[Digestion] Digestion of Honey Waste

Duncan Martin duncanjmartin at gmail.com
Thu Feb 17 05:48:44 CST 2011


Replying to gfosterreid...

I have never tried a textile support but I see no reason why a textile would
not work, provided the fibre is inorganic - anything organic would
biodegrade in time - and dimensionally stable, so that flow channels stay
open. One could imagine a number of different configurations.

The potential for internal growth depends on (a) what you mean by internal
and (b) how the fibre is configured. There would be no growth within a
polymer monofilament but there would in the interstices of, say, a length of
yarn or a panel of cloth spun or woven from same. Growth might occur within
hollow fibres - but only if there was some way for an inoculum to get in.
(There are parallels here with the use of hollow-fibre ultra-filtration
units as the basis for an attached-growth bioreactor.)

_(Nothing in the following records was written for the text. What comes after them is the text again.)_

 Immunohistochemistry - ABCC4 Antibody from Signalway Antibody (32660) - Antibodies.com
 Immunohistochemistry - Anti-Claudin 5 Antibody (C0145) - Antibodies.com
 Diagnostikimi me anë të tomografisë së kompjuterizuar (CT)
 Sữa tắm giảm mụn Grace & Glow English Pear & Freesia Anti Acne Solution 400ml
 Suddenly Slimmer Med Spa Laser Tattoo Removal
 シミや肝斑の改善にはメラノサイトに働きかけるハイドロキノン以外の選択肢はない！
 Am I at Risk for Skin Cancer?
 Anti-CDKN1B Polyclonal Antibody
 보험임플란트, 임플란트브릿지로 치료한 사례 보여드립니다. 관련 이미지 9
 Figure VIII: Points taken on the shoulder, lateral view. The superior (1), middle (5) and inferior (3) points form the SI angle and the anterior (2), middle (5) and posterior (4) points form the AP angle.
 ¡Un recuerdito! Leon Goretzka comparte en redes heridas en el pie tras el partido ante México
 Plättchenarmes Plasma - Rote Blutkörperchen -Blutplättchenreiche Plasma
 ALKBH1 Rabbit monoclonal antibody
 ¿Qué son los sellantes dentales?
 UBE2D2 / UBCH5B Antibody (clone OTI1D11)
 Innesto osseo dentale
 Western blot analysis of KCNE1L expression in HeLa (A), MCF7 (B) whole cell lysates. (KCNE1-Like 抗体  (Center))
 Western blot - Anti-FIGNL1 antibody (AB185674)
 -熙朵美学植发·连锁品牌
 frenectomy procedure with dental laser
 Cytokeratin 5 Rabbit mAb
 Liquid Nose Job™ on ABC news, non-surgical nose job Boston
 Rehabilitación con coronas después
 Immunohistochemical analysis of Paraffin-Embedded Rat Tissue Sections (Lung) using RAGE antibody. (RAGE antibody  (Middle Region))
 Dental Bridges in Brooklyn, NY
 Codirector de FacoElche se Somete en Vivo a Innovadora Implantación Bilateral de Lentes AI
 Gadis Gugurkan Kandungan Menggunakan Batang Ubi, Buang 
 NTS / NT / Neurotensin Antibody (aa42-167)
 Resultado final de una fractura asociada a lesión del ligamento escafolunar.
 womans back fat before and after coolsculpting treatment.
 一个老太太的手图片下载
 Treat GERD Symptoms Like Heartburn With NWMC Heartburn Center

I am not so sure there would be an effective increase in *active* biomass
per unit volume, however, even in *anaerobic* conditions. Do you have any
data? My guess is that metabolism in the interstitial growth would be
severely limited by mass-transfer rates once the biomass film is well grown.
(In simple language, the bugs at the surface would eat all the food and keep
growing, while those beneath would merely survive, on a 'starvation' diet.)

In *aerobic *conditions, I think it's even less likely that there would be
an effective increase in *active* biomass per unit volume, because oxygen
transfer rates *often* limit the rate of metabolism in the deeper zones of a
biomass film.

One advantage of a textile substrate, however, might be quick recovery from
a process upset causing loss of the biomass film. Any surviving interstitial
growth would provide a well-adapted, well-distributed inoculum, enabling
faster regrowth of an adequate biomass film.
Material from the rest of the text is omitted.